Abstract

To clarify the clinicopathologic significance of COX-2 expression in human colorectal cancer. A total of 128 surgically resected colorectal cancer specimens were immunohistochemically analyzed with the use of anti-COX-2, anti-VEGF and anti-MMP-2 antibodies. The relationship between the cyclooxygenase-2 expression in primary lesions of colorectal cancer and clinicopathologic parameters was evaluated by chi-square test. Among 128 cases of colorectal cancer, 87 (67.9%) were positive for cyclooxygenase-2. The expression of cyclooxygenase-2 was significantly correlated with the depth of invasion, stage of disease, and metastasis (lymph node and liver). Patients in T3-T4, stages III-IV and with metastasis had much higher expression of cyclooxygenase-2 than ones in T1-T2, stages I-II and without metastasis (P<0.05). Among 45 cases of colorectal cancer with lymph node metastasis, the COX-2- positive rate was 86.7% (39/45) for primary lesions and diffuse cytoplasmic staining for COX-2 protein was detected in cancer cells in 100% of metastatic lesions of the lymph nodes.
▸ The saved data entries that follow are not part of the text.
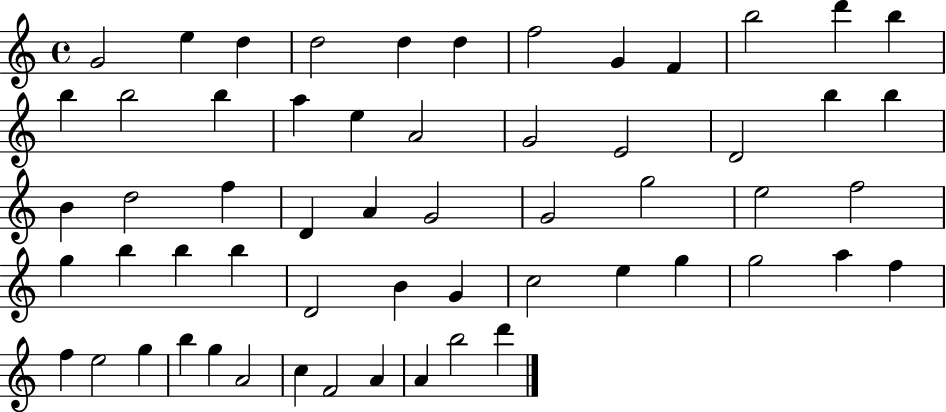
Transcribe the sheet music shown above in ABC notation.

X:1
T:Untitled
M:4/4
L:1/4
K:C
G2 e d d2 d d f2 G F b2 d' b b b2 b a e A2 G2 E2 D2 b b B d2 f D A G2 G2 g2 e2 f2 g b b b D2 B G c2 e g g2 a f f e2 g b g A2 c F2 A A b2 d'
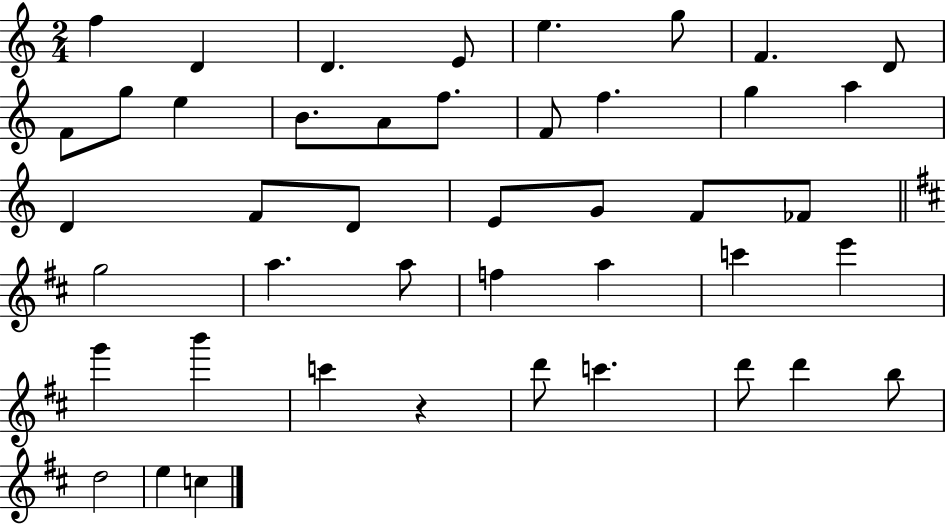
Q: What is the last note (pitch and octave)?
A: C5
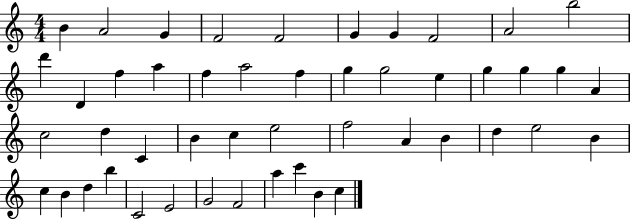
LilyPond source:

{
  \clef treble
  \numericTimeSignature
  \time 4/4
  \key c \major
  b'4 a'2 g'4 | f'2 f'2 | g'4 g'4 f'2 | a'2 b''2 | \break d'''4 d'4 f''4 a''4 | f''4 a''2 f''4 | g''4 g''2 e''4 | g''4 g''4 g''4 a'4 | \break c''2 d''4 c'4 | b'4 c''4 e''2 | f''2 a'4 b'4 | d''4 e''2 b'4 | \break c''4 b'4 d''4 b''4 | c'2 e'2 | g'2 f'2 | a''4 c'''4 b'4 c''4 | \break \bar "|."
}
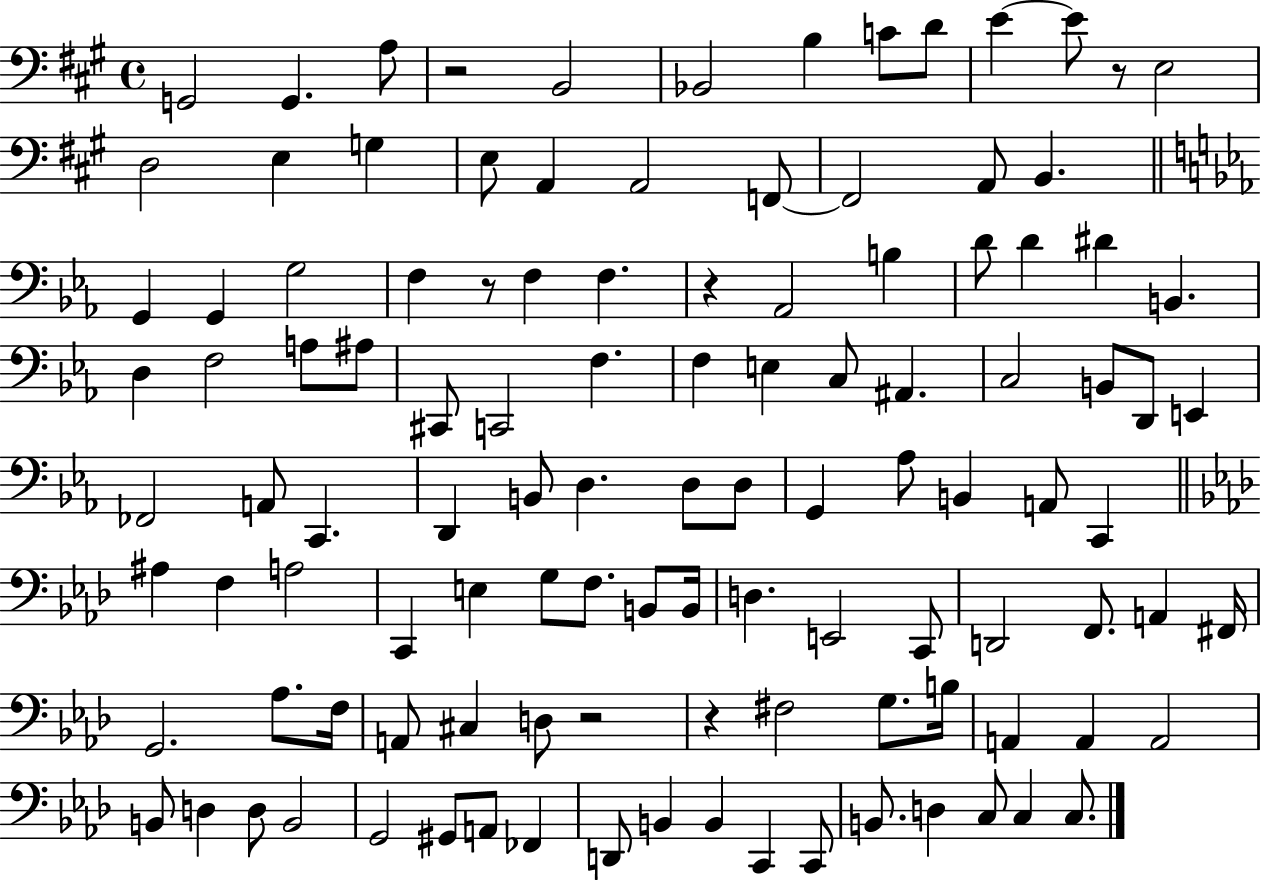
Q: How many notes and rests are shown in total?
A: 113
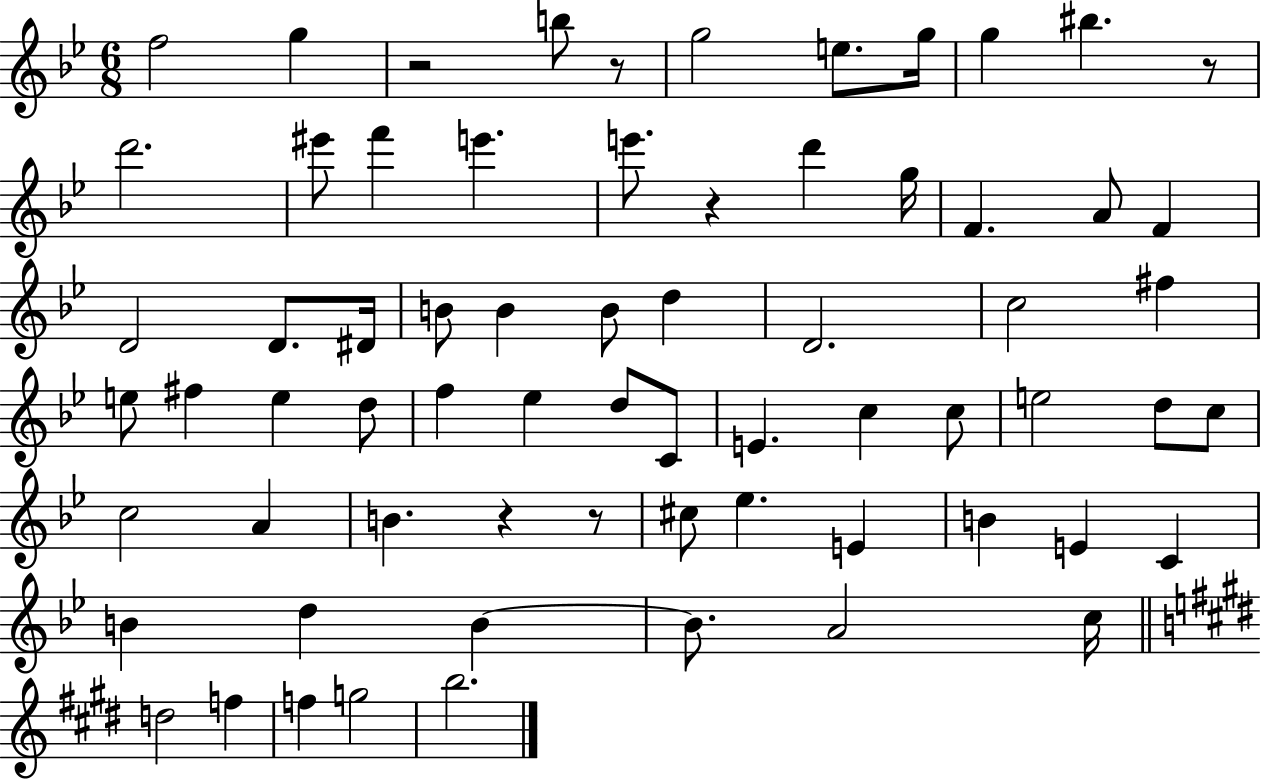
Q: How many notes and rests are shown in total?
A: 68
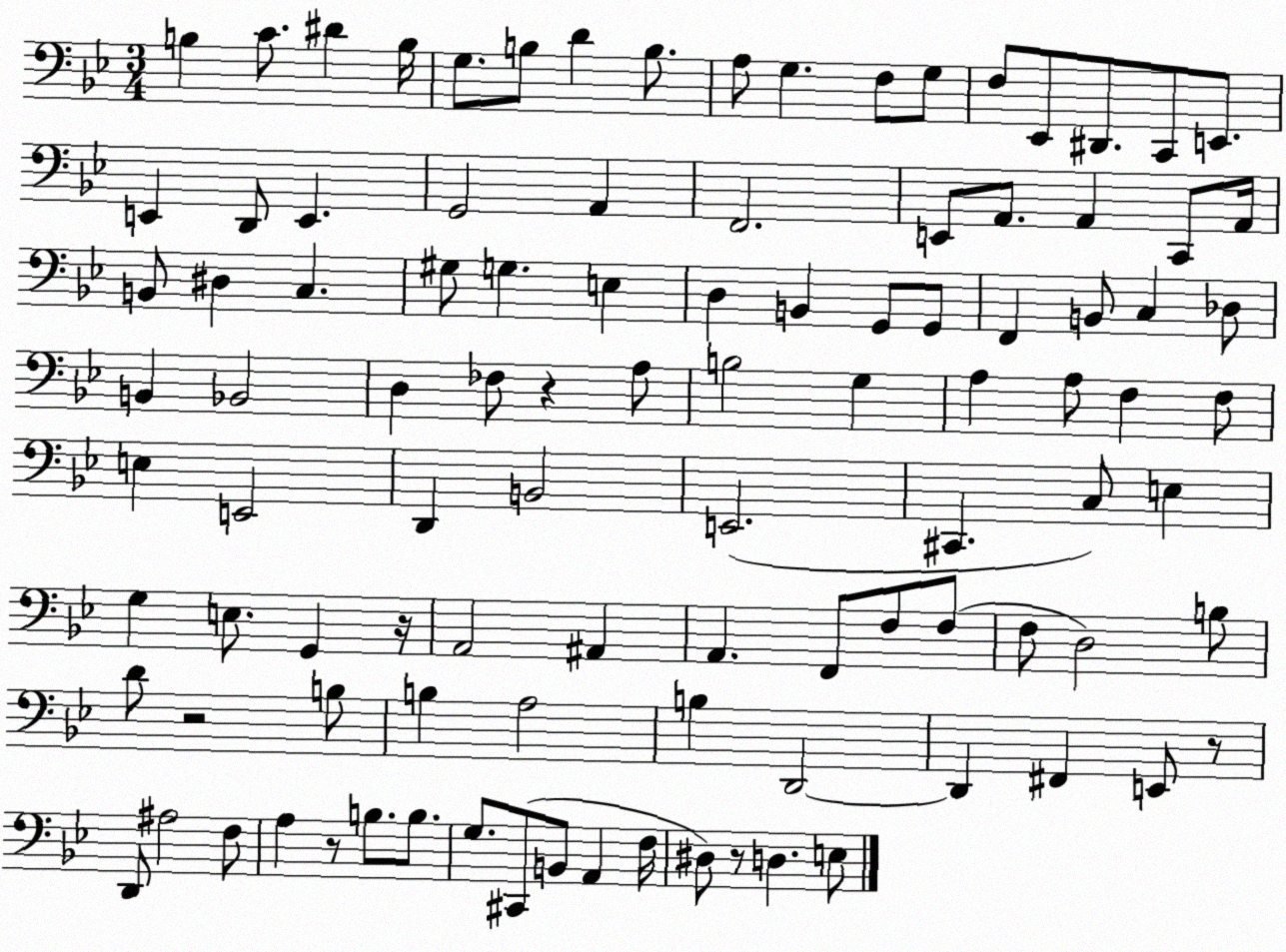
X:1
T:Untitled
M:3/4
L:1/4
K:Bb
B, C/2 ^D B,/4 G,/2 B,/2 D B,/2 A,/2 G, F,/2 G,/2 F,/2 _E,,/2 ^D,,/2 C,,/2 E,,/2 E,, D,,/2 E,, G,,2 A,, F,,2 E,,/2 A,,/2 A,, C,,/2 A,,/4 B,,/2 ^D, C, ^G,/2 G, E, D, B,, G,,/2 G,,/2 F,, B,,/2 C, _D,/2 B,, _B,,2 D, _F,/2 z A,/2 B,2 G, A, A,/2 F, F,/2 E, E,,2 D,, B,,2 E,,2 ^C,, C,/2 E, G, E,/2 G,, z/4 A,,2 ^A,, A,, F,,/2 F,/2 F,/2 F,/2 D,2 B,/2 D/2 z2 B,/2 B, A,2 B, D,,2 D,, ^F,, E,,/2 z/2 D,,/2 ^A,2 F,/2 A, z/2 B,/2 B,/2 G,/2 ^C,,/2 B,,/2 A,, F,/4 ^D,/2 z/2 D, E,/2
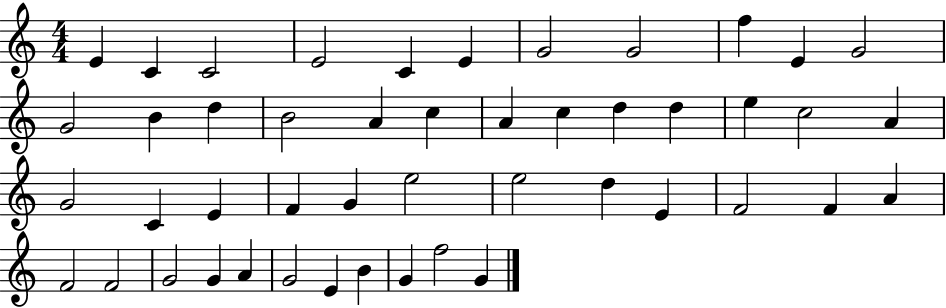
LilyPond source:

{
  \clef treble
  \numericTimeSignature
  \time 4/4
  \key c \major
  e'4 c'4 c'2 | e'2 c'4 e'4 | g'2 g'2 | f''4 e'4 g'2 | \break g'2 b'4 d''4 | b'2 a'4 c''4 | a'4 c''4 d''4 d''4 | e''4 c''2 a'4 | \break g'2 c'4 e'4 | f'4 g'4 e''2 | e''2 d''4 e'4 | f'2 f'4 a'4 | \break f'2 f'2 | g'2 g'4 a'4 | g'2 e'4 b'4 | g'4 f''2 g'4 | \break \bar "|."
}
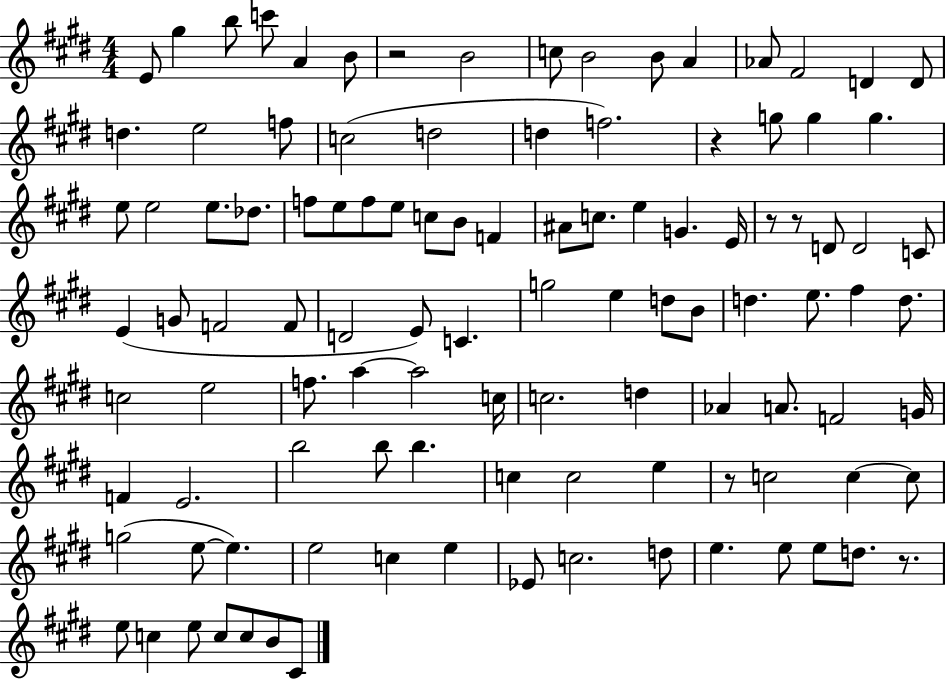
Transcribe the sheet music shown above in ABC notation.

X:1
T:Untitled
M:4/4
L:1/4
K:E
E/2 ^g b/2 c'/2 A B/2 z2 B2 c/2 B2 B/2 A _A/2 ^F2 D D/2 d e2 f/2 c2 d2 d f2 z g/2 g g e/2 e2 e/2 _d/2 f/2 e/2 f/2 e/2 c/2 B/2 F ^A/2 c/2 e G E/4 z/2 z/2 D/2 D2 C/2 E G/2 F2 F/2 D2 E/2 C g2 e d/2 B/2 d e/2 ^f d/2 c2 e2 f/2 a a2 c/4 c2 d _A A/2 F2 G/4 F E2 b2 b/2 b c c2 e z/2 c2 c c/2 g2 e/2 e e2 c e _E/2 c2 d/2 e e/2 e/2 d/2 z/2 e/2 c e/2 c/2 c/2 B/2 ^C/2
VEGF expression was detected in 49 tumors (38.3%), and VEGF expression was closely correlated with COX-2 expression. The positive expression rate of VEGF (81.6%) in the cyclooxygenase-2-positive group was higher than that in the cyclooxygenase-2- negative group (18.4%, P<0.05). MMP-2 expression was detected in 88 tumors (68.8%), and MMP-2 expression was closely correlated with COX-2 expression. The positive expression rate of MMP-2 (79.6%) in the positive COX-2 group was higher than that in the negative COX-2 group (20.4%, P<0.05). Cyclooxygenase-2 may be associated with tumor progression by modulating the angiogenesis and cancer cell motility and invasive potential in colorectal cancer and it can be used as a possible biomarker.